> [SUPPLIED RECORDS]
"""

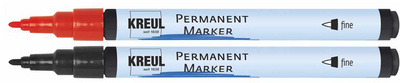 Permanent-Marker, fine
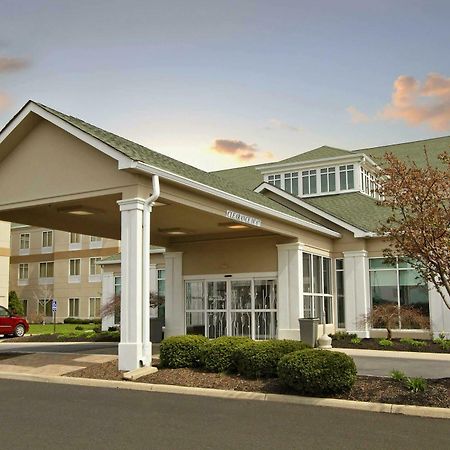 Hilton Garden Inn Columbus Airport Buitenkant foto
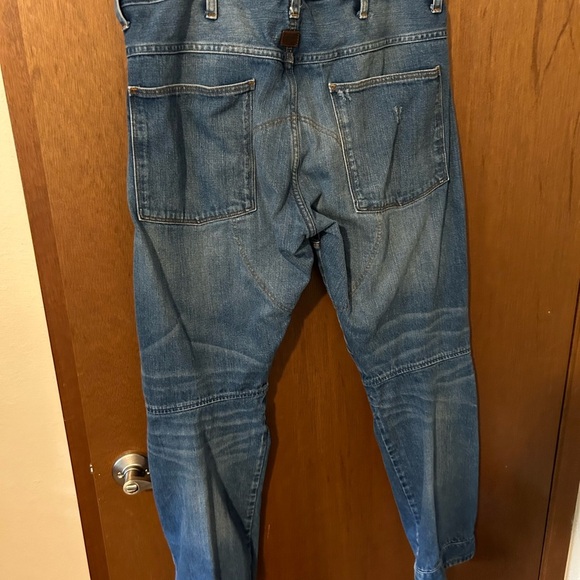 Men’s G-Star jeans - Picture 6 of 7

"""
"""

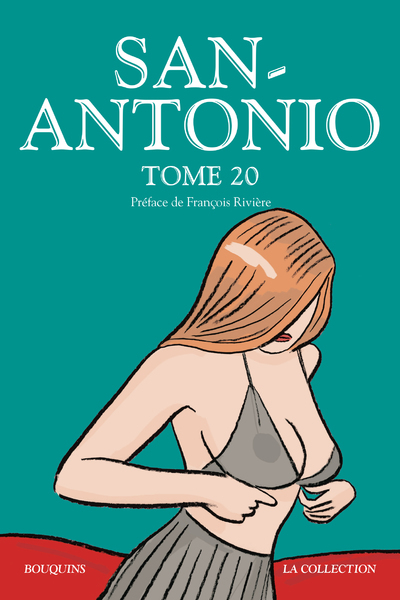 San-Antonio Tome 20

"""
"""

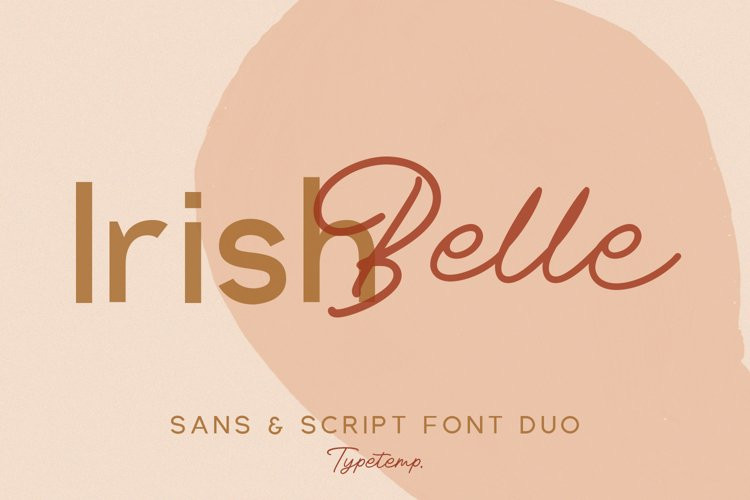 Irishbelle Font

"""

> [WORK REQUIRED] For the material above, give again only the lines starting at the line that contains "Permanent-Marker, fine" and ending at the line that contains "Men’s G-Star jeans - Picture 6 of 7". Pictures do not belong in the copy.

> [TASK RESPONSE]
 Permanent-Marker, fine
 Hilton Garden Inn Columbus Airport Buitenkant foto
 Men’s G-Star jeans - Picture 6 of 7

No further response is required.